The Challenge of Jesus: Rediscovering Who Jesus Was and Is. By N T Wright

(This is a semi-formal book review. If you note any grammatical, logical, or any other lapses in it, please note them. I wrote this in a rush and still have my conclusion and my own impressions to write anyway.)



N.T. Wright's aim in this work is to explore the person of Jesus from post-Enlightenment eyes. He addresses the issues from a different stance than the typical liberal or fundamentalist: He affirms that Jesus actually existed but that He (Jesus) saw himself differently than we see Him. Wright says that he has three concerns in this book: historical integrity in talking about Jesus, Christian discipleship that professes to follow Jesus, and empowering Christians with a vision that will transform the world (10-11).
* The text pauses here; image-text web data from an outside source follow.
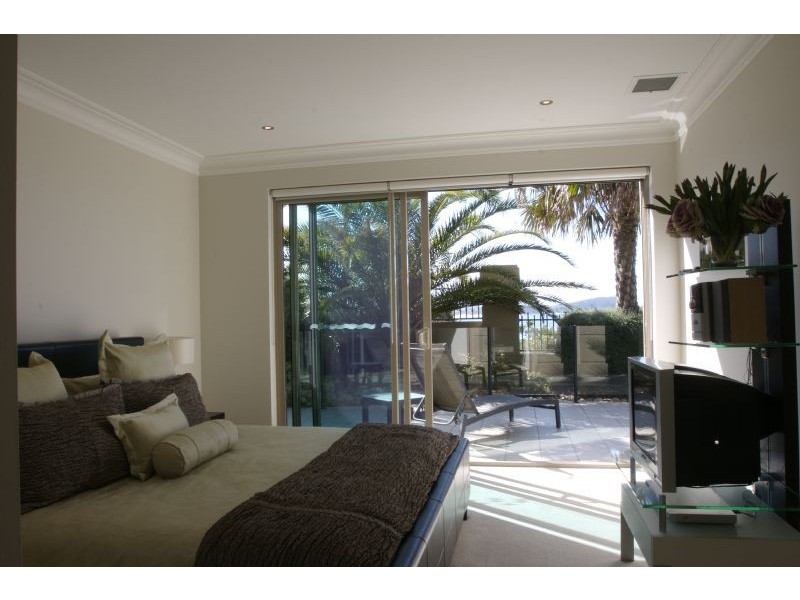 2/8 Terrigal Esplanade, Terrigal NSW 2260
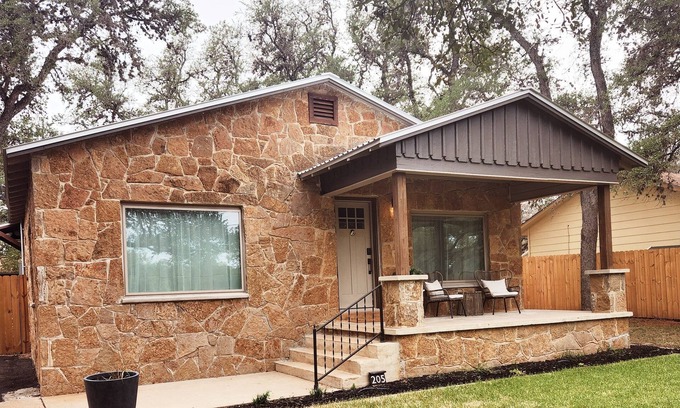 Johnson City Casa | Modern Country Home at the start of the Hill Country Wine Trail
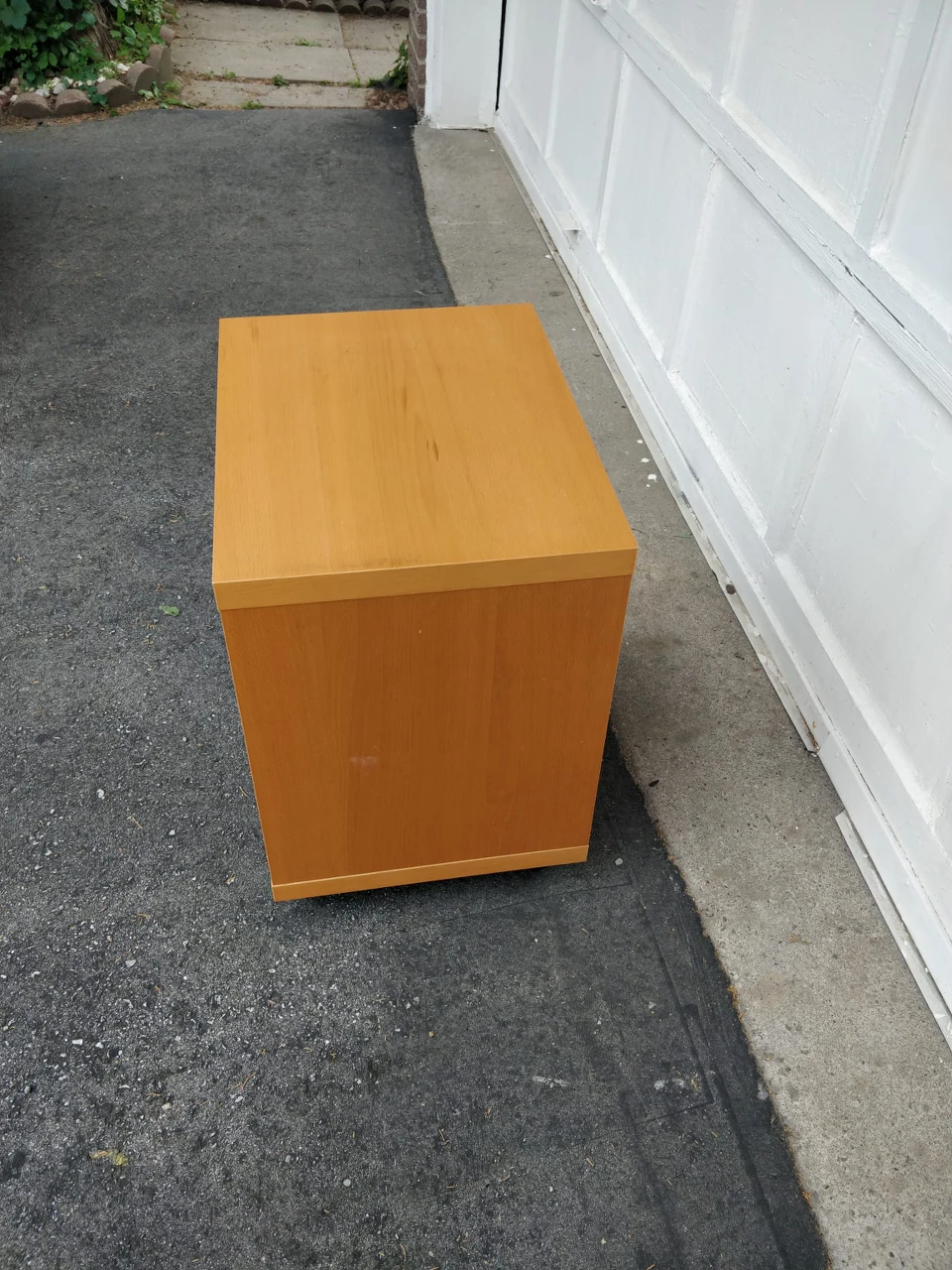 Ikea night stand with wheels 9/10 condition image indicator(3)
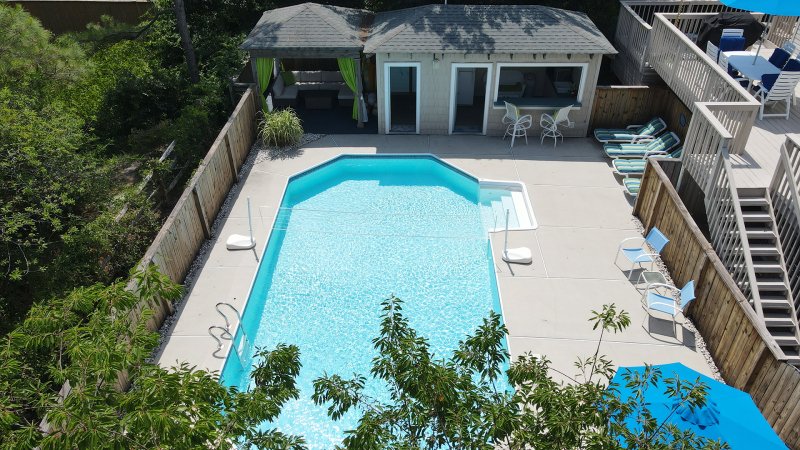 Conch Out – Pool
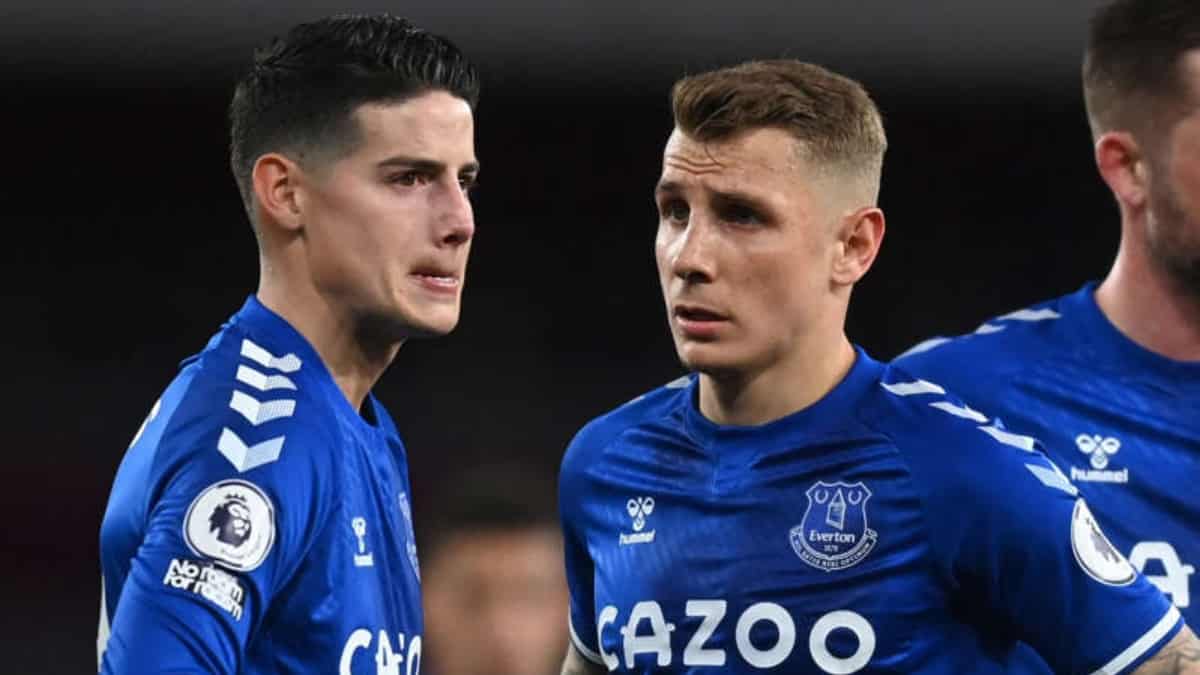 James Rodríguez y Lucas Digne contra Rafa Benítez en el Everton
The Challenge of Studying Jesus
In the first chapter Wright discusses the recent history of the "Quest for the Historical Jesus," noting that a merely "supernatural" Jesus-a Jesus that actually lived and was divine in our sense of the word-can easily degenerate into the "Superman" myth, a myth that is actually a dualistic corruption of Christianity (15). That being said, Wright then critiques liberal scholars for dismissing the Scriptures outright while trying to speak confidently of the most important person of the Scriptures. In this chapter Wright sets the tone for much of the book: "Christianity, as we shall see, began with the througoughly Jewish belief that world history was focused on a single geographical place and a single moment in time...The living God would defeat evil once and for all and create a new world of justice and peace" (21-22). Wright will take this theme and tie it in with the "exile-exodus" theme for an early Christian narrative built on a Jewish worldview.

The Challenge of the Kingdom
The challenge of the Kingdom was a challenge that was first given to the nation of Israel. Christians, like the Israelites, were called to be a light to the Gentiles. Israel's failure to be that light merited its judgment that was played out in the Exile. The message that Jesus preached was, among other things, a repeating of this agenda. Jesus preached his message using symbols and confronting other kingdom agendas: the Herodian compromise, the Zealot revolt, the Qumran pietism. Wright takes a parable dear to many Evangelicals and interprets it through the lens of Exile and Restoration. Instead of the Prodigal Son merely being a message about forgiveness, it was an announcement that the return from Exile was happening through Jesus' own work (42). In calling His people "Jesus was calling them to give up their agendas and to trust him for his way of being Israel, his way of bringing the Kingdom, His kingdom-agenda"(44). 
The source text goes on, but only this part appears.